Member of the Idaho House of Representatives from the District 9 seat B district
- Incumbent
- Assumed office December 1, 2008
- Preceded by: Diana Thomas

Personal details
- Born: Midvale, Idaho
- Party: Republican
- Education: Lassen College Boise State University University of Idaho
- Occupation: Politician, rancher
- Website: judyboyle.net

= Judy Boyle =

American politician from Idaho

Judy Boyle is an American politician
from Idaho.

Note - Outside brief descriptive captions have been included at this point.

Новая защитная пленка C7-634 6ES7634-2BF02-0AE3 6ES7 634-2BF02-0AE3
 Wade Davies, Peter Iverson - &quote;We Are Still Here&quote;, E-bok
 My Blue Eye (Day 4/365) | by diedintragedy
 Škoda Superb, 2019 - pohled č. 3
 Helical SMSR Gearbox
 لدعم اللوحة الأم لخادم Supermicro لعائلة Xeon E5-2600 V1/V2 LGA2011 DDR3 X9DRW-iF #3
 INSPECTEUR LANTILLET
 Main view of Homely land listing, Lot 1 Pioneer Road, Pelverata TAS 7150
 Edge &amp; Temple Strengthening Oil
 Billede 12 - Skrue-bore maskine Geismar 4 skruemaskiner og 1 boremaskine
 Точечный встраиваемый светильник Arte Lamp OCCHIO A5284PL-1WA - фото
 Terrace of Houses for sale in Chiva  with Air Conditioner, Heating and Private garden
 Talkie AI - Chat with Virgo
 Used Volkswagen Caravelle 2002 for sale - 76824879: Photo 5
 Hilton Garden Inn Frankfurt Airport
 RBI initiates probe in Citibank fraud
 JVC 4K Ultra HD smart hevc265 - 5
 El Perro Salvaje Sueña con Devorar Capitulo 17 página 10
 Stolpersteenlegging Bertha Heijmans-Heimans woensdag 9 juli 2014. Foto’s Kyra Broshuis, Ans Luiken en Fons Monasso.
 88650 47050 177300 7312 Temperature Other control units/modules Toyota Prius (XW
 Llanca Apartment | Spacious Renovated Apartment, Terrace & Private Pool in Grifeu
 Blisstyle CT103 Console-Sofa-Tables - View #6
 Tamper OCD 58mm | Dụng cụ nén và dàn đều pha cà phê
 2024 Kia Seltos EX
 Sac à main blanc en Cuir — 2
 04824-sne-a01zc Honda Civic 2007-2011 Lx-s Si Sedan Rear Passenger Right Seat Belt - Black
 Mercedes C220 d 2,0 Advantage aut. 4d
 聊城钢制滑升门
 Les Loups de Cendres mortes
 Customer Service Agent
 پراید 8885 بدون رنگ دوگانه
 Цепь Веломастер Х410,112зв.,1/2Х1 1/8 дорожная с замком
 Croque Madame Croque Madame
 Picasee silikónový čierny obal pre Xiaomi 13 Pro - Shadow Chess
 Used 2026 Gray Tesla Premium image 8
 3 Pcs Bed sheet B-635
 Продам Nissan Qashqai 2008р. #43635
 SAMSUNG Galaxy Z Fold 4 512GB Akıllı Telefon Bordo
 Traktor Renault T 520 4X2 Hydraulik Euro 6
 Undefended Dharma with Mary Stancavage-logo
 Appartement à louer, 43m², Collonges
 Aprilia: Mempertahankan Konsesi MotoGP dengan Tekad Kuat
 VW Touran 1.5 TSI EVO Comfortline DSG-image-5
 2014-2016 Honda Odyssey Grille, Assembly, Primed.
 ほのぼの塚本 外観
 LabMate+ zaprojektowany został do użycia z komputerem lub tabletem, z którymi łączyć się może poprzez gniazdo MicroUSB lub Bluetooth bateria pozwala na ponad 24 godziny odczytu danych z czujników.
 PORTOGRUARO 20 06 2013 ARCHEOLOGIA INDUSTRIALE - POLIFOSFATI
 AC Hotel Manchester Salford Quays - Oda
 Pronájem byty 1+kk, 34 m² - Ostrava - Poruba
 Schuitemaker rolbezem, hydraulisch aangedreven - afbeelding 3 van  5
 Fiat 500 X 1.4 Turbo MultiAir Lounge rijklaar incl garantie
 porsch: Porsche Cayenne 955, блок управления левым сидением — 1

A Republican, she is a member of Idaho House of Representatives for District 9 seat B. Boyle is the current chair of the Western Legislative Forestry Task Force (WLFTF).

== Early life ==
Boyle was born in Midvale, Idaho.

==Education==
Boyle has attended Lassen College, Boise State University, and the University of Idaho.

== Career ==
On May 27, 2008, Boyle won the Republican primary. Boyle defeated Diana Thomas with 53.4% of the votes. On November 4, 2008, Boyle won the election and became a Republican member of the Idaho House of Representatives for District 9 seat B. Boyle defeated Jennifer M. Morgan with 66.8% of the votes.

On May 25, 2010, Boyle was unopposed in the Republican primary. On November 2, 2010, as an incumbent, Boyle won the general election unopposed and continued serving District 9 seat B. On November 6, 2012, as an incumbent, Boyle won the election and continued serving District 9 seat B. Boyle defeated Mary Sue Roach with 65.2% of the votes. On November 4, 2014, as an incumbent, Boyle won the election unopposed and continued serving District 9 seat B. On November 8, 2016, as an incumbent, Boyle won the election and continued serving District 9 seat B. Boyle defeated Allen Schmidt with 73.2% of the votes.

In 2019, Boyle became the chairman of the Western Legislative Forestry Task Force (WLFTF).

Boyle on November 18, 2020, announced that she would run against Mike Moyle for Idaho House of Representatives Majority Leader.

== Political activities ==
In 2023, Boyle and Idaho Senator Tammy Nichols introduced HB 154, a bill that would make it a misdemeanor to provide or administer a vaccine developed using mRNA technology in any individual or mammal in the state. Such vaccines would include the COVID-19 vaccine and other vaccines in development that target RSV, some cancers, HIV, influenza, cystic fibrosis, and others.

== Personal life ==
Boyle has two children, Brian and Peggy. She lives in Midvale, Idaho.